Any trip to another country – or even down your street – is bound to have culinary highs and lows. You will discover a little gem down an alley, and foolishly enter an overpriced tourist trap; you will bite into a surprisingly delicious pie, and spit out hilariously bad coffee. Here’s Linda Scarborough’s guide to eating in Scotland, based on her recent trip to those bonny shores. (Don’t worry, there’s no haggis.)
Our visit to this breathtaking city coincides with the silly season, so we take a turn around the Christmas market on Princes Street, which fills the sky with lurid flashing lights and parade-ride screams instead of the gentle glow from strategically lit castles and cathedrals. My irritation is somewhat soothed by a freshly made waffle drenched in ‘vanilla sauce’ and hot glossy cherries. A plastic cup of glühwein also helps, before I’m struck by a premature hangover and a realisation of what I’ve just shelled out in Rand for warm dooswyn.
Now this is what I call portion control. I manage about half of the monster, which delivers a heavenly flavour as I delicately part flakes from the bone and bathe my face in its steam. (It was a cold day up on the Quiraing.) I also sip, very slowly, a wee dram of Dalwhinnie single malt whisky that may or may not have cost as much as my lawnmower.
This is my go-to breakfast and sometimes lunch while holidaying in the UK with our beleaguered currency. Method: buy a packet of McCoy’s crisps, preferably flame-grilled steak or salt & malt vinegar flavour. Tear open soft roll, or lay out two slices of rubbishy supermarket bread. Arrange chips on bread, close up, and clasp sarmie in your claw-like hand as you take bite after bite around your fingers in an attempt to thwart crumbs escaping as the chips splinter. (Incidentally, once I discovered they were not, in fact, called McAvoy’s, they became rather less tasty.)
Wandering the Royal Mile in tell-tale puffy parkas and backpacks, we are accosted by a persuasive guy from a nearby Indian restaurant called Royal Spice. (See what they did there?) We gratefully accept the bribe of a crispy veggie pakora on a toothpick and are lured into the brightly garish dining room in the style of Indian restaurants-for-tourists everywhere. After days of ‘traditional’ pub food, we are dying for a bit of spice and colour, and collapse face-first into ornate silver dishes of fragrant sauces and bubbly naan. This unorthodox Thanksgiving meal meets the particular approval of a fellow traveller from the United States, who wants to eat something as far removed from her aunt’s cherry coca-cola jello salad as possible. I can’t blame her.

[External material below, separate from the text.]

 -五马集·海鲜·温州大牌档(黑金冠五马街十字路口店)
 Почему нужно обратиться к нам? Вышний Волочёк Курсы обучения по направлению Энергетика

A little lost in the dark (it was after 3pm), we ask a passing couple to help us find the top-secret bar that is nevertheless known to us travellers from across the world. After making our way through the shopfront/disguise, which is decorated with nothing but a tartan upholstered chair and an old-school hairdryer, we descend the stairs and move the faux bookshelf aside (actual books!) to enter. It’s dim and moody and warm. Both the ceilings and lighting are low. A bowl of complimentary popcorn arrives in the gloaming. After politely inhaling this very welcome and free snack, I plump for the Don Familia, an award-winning cocktail containing Bacardi Gold, Amontillado sherry, lime juice, agave nectar, pineapple juice and Green Chartreuse, a French liqueur aged with 130 herbs and flowers. The drink is exquisitely garnished, sweetly spicy, and worth every penny of the £7.50 (R165). Sort of. Mostly. It’s too dark for Instagram.
In a decidedly French-looking shop on the bottom end of the Royal Mile, a white-clad pâtissier prepares a beautiful cardboard box, lines it with tissue paper, and awaits my command. The bars of fudge are handmade with fresh cream, butter, caramelised sugar and natural flavours; I choose chocolate peanut butter, lemon meringue pie, Italian nougat and highland cream, and feel inordinately pleased with myself.
A good local for pub quizzes, according to my resident friend, The Rule also has the most varied menu I am yet to see in a drinking hole here, with comforting grub that includes, but is not limited to, the culinary highlight of Scotland, a filled baked potato. I order one with pulled barbecue chicken and cheese, and it arrives with a nod to a salad, which is dressed nogal. Their onion-ring game is strong, too, and we wash it all down with a pint.
A friend sends me this Buzzfeed article shouting about how everyone is ‘losing their minds’ over the incredible hot chocolate ice cream floats at Mary’s Milk Bar. Luckily I had already been to Mary’s earlier that day, else the desultory crowd of three and slightly discordant jazz piped through the speakers might have proved a bitter disappointment. I opt for a sugar cone piled with scoops of ice cream in milk and dark chocolate flavours. It tastes fantastic even though the ambient temperature is 2°C.
These Scots don’t mess around. It turns out that the beautiful golden hue and extra-crunch factor of these fries are due to the cooking medium of BEEF DRIPPING. Also known as ‘mucky fat’. Verily, these are not safe for vegetarians, even if said veggies are starving after stomping around in the snow for two hours.